Zadie Smith summed up musical biopics quite succinctly in her short review of Walk the Line in Changing My Mind: Occasional Essays: “musical biopics are always the right story: the struggle toward self-actualization. […] The bad guy in every musician’s biopic is the musician himself” (189-90). But then, Smith is talking about a very real, very pervasive Western success trope of roads to fame besieged by drugs and ego and that very dark night of the soul before redemption. Musicians are biblical figures for Smith, perennial prodigal sons who deal with consequences of fame by wrestling personal demons on a very lonely plain of one: our American heroes have always walked the line alone.
The sociological notion of the individual versus the collective isn’t a very far-fetched schema to apply to Go Go 70s, a Korean musical biopic released in 2008 about real-life band the Devils, who play soul music to an unappreciative American army base before rocketing to fame by citizens enthralled with their gutsy sound (with plenty of American covers – one choice scene involves a brilliant rendition of “Land of 1000 Dances”) and wild image (even these boys don’t eventually skirt a lock-chopping by power drunk police officers). The time of South Korea’s military dictatorship in the early 70s provides a wonderful historical backdrop for the harmony of rock and rebellion without evoking nostalgia fables that render the tale quaint.
The drama of the movie falls very little on what turns out to be the requisite fame-hungry lead singer Sang-Gyu’s shoulders, who pools together two bands to form a quasi-super group in order to fulfill his ambition. Though this successful portrayal of group dynamics can, however, fail to provide emotional reactions to penultimate scenes – a member’s death falls on slightly cold hearts when focusing not on individual personalities, but on the group – it resists becoming Sang-Gyu’s story in order to illustrate larger parallels between The Group, The Band, and The Man. Draft-dodging and violation of midnight curfews may not provoke the same soul-searching tension as drug addiction, daddy-issues or an obsession with a cherubic Carter sister, but it illustrates the boundless loyalties each member has to the band – “I’m with you guys until the end!” Sang-Gyu shouts while burning his draft notice on stage.
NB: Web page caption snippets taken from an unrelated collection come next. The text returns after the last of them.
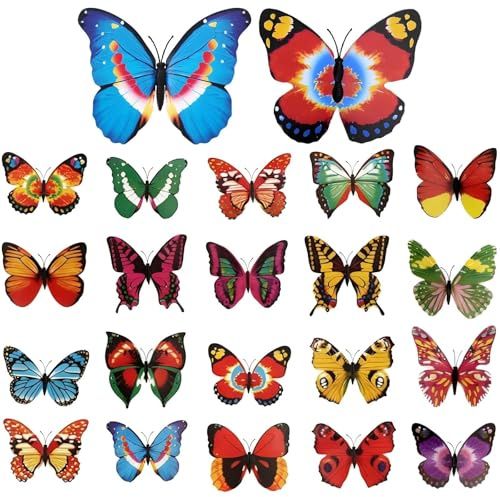 20 Stück Bunte Schmetterlinge Deko, mit Sicherheitsnadeln und Magnet, Schmetterling Brosche, 3D Schmetterling Aufkleber basteln, für Schlafzimmer, Wohnzimmer, Büro, Garten, Tisch Dekoration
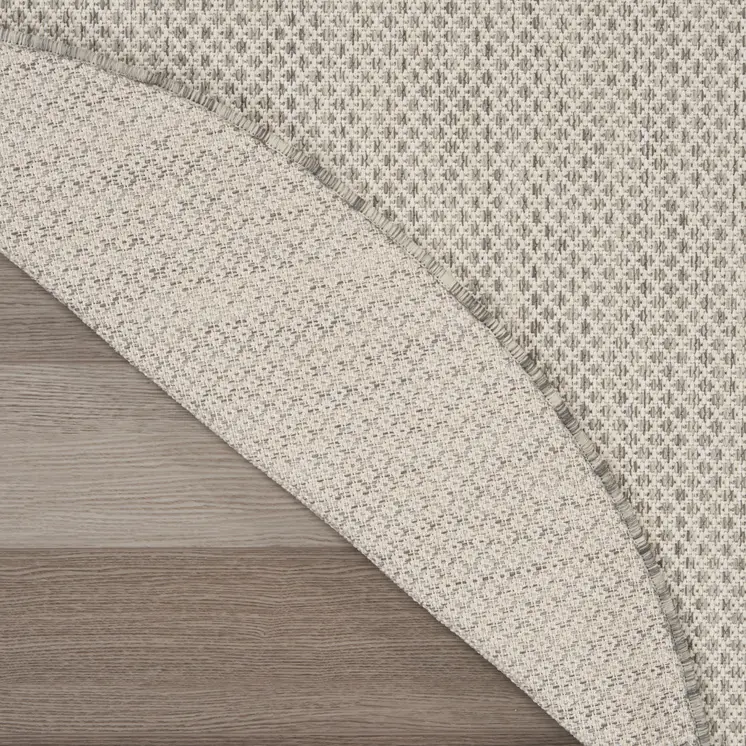 6' Ivory And Silver Round Geometric Indoor Outdoor Area Rug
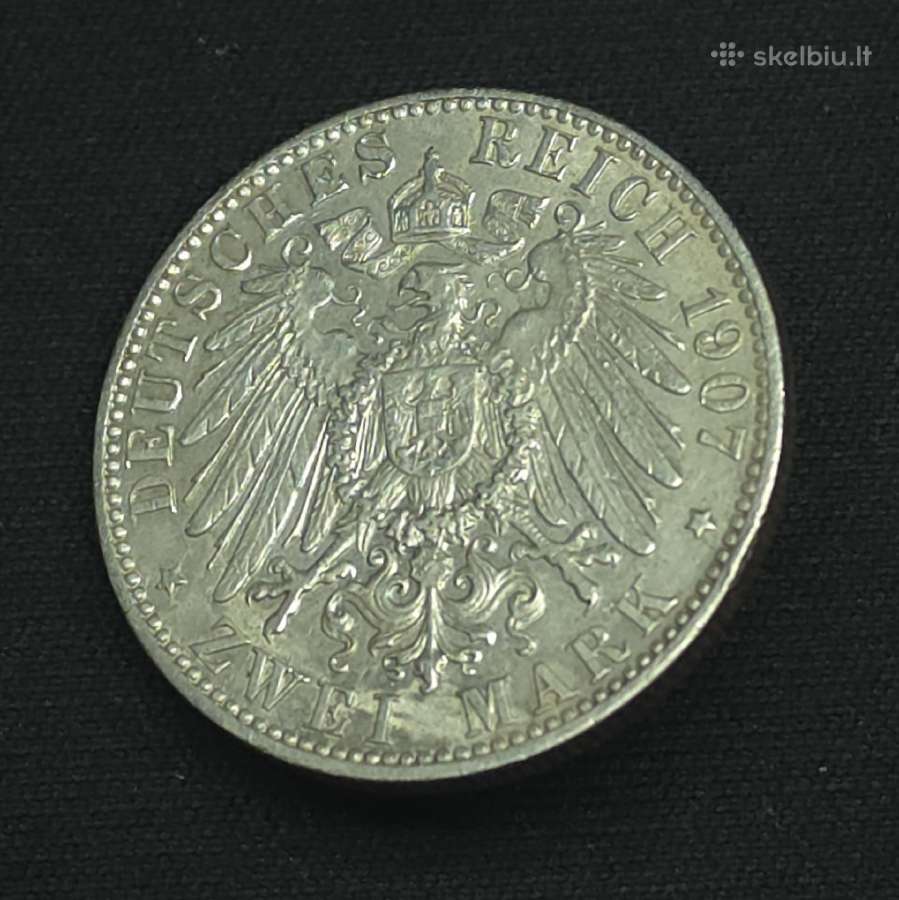Sidabrinė moneta 2 markės (Hamburgas) 1907 m. (J) - nuotraukos Nr. 7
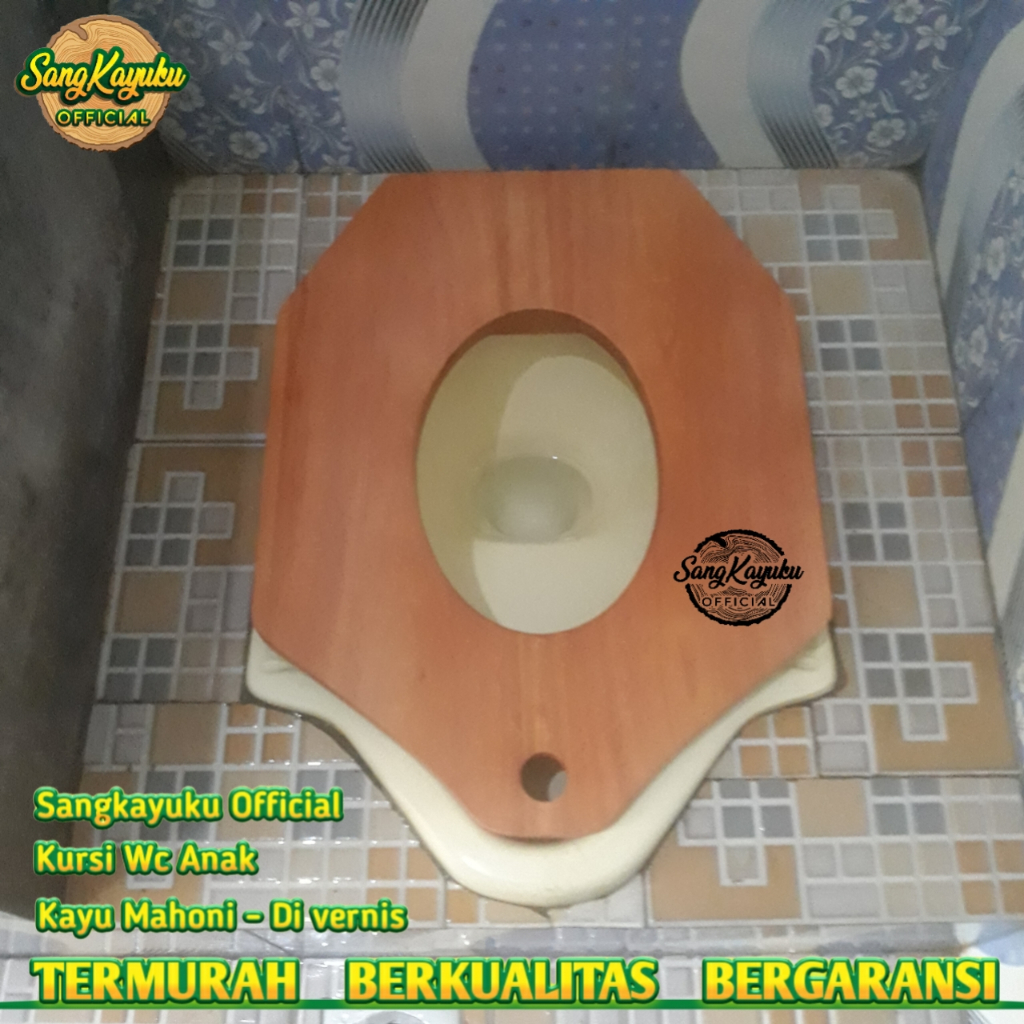 SangkayuKu kursi wc anak Toilet Jongkok Kamar Mandi kloset jongkok flush kursi toilet duduk kursi jongkok Bahan Kayu Mahoni kursi WC duduk anak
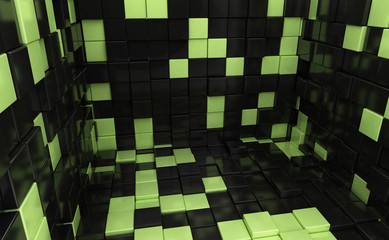 Colorful abstract room. 3d cubes.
Even Mimi, a lackadaisical love interest, moves from worshiping Sang-Gyu (“I thought of you always, and singing [after] records while others were slacking off. So…so you are… You are ‘soul’ to me”) to finding her inner diva, perhaps the film’s most blatant symbolic representation of discovering one’s own rhythm. Her transformation from band maid to band mascot seems a bit damning at first in its depiction of females finding “freedom” through mini-skirts and make-up, but the confidence and control with which Mimi eventually works the audience shows neither sexual pandering nor demented irony; Mimi finds expression through movement, vocals, and female solidarity, abandoning Sang-Gyu’s flippant affection and embarking on a much more reliable love affair with music.
As news reels depict the Devils’ youth culture as undignified (“thoughtless dance maniacs must be punished”) and officials begin enforcing the strict code of short hair and modest attire, the band itself undergoes its own turmoil as in-fighting and arrest for subversive ideology threatens the band’s fundamental dedication to soul. Indeed, the villain in this story isn’t the band members’ issues with control, obsession, fame, greed, or a number of other personal struggles that could potentially affect the band, but The Man (a collective acting as a single entity) who threatens The Group (single entities acting as a collective) by making them weak at pivotal moments by choosing individual desires over the good of the band. Where Go Go 70s falls into the Western biopic trap again suddenly seems a blessing: The Group is restored and the power of music triumphs. Smith again: “It is a very hard-hearted atheist indeed who does not believe that Music Saves” (189).